Segment Start: Excerpted records
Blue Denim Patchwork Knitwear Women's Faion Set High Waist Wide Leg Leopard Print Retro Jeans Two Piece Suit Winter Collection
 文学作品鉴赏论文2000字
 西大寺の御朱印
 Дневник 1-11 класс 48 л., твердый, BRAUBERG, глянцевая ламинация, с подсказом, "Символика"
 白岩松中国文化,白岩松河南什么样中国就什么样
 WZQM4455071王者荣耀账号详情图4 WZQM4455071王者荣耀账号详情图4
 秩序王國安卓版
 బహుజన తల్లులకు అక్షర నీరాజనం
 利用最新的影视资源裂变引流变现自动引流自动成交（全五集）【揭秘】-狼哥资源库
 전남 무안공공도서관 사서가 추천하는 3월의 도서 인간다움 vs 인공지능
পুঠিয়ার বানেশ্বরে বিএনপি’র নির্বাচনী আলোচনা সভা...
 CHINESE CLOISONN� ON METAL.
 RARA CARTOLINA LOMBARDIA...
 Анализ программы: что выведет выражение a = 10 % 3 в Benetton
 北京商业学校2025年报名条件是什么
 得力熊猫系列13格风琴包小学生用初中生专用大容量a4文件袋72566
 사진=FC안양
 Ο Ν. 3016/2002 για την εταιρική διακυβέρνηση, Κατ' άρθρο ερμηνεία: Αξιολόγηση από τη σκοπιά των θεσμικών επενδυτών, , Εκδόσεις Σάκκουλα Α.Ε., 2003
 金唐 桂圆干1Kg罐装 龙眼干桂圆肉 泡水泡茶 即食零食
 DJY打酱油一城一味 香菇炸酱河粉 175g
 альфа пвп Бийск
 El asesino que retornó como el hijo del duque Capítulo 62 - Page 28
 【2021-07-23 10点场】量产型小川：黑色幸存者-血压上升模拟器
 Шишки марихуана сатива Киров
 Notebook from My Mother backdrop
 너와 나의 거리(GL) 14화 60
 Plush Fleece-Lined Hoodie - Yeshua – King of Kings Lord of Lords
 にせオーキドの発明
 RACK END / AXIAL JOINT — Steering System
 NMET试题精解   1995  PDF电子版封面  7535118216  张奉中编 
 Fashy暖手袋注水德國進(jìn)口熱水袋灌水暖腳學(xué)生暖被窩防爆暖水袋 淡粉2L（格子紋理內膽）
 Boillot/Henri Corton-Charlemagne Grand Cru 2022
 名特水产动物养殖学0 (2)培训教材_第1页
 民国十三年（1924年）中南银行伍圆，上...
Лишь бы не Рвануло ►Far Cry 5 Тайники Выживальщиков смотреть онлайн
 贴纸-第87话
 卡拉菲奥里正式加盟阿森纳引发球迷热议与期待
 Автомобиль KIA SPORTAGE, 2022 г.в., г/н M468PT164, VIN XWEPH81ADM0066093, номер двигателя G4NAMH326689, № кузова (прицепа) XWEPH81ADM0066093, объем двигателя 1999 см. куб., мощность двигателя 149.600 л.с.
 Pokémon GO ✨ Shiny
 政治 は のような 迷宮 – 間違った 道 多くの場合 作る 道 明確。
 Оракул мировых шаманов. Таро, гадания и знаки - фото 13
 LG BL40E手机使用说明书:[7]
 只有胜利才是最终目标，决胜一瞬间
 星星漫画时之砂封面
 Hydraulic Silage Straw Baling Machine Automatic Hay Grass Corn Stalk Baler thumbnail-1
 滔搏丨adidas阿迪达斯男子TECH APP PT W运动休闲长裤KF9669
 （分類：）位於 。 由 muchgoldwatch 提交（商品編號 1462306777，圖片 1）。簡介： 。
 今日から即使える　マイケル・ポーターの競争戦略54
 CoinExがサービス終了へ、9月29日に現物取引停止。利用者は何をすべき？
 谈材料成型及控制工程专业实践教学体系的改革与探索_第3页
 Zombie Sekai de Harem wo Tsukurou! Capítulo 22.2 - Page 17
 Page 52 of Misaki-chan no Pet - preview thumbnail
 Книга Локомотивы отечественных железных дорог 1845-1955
Segment End: Excerpted records
## Task instructions
In the material above, transcribe exactly the lines beginning at the one with "北京商业学校2025年报名条件是什么" and ending at the one with "альфа пвп Бийск", both included.

## Solved exercise
 北京商业学校2025年报名条件是什么
 得力熊猫系列13格风琴包小学生用初中生专用大容量a4文件袋72566
 사진=FC안양
 Ο Ν. 3016/2002 για την εταιρική διακυβέρνηση, Κατ' άρθρο ερμηνεία: Αξιολόγηση από τη σκοπιά των θεσμικών επενδυτών, , Εκδόσεις Σάκκουλα Α.Ε., 2003
 金唐 桂圆干1Kg罐装 龙眼干桂圆肉 泡水泡茶 即食零食
 DJY打酱油一城一味 香菇炸酱河粉 175g
 альфа пвп Бийск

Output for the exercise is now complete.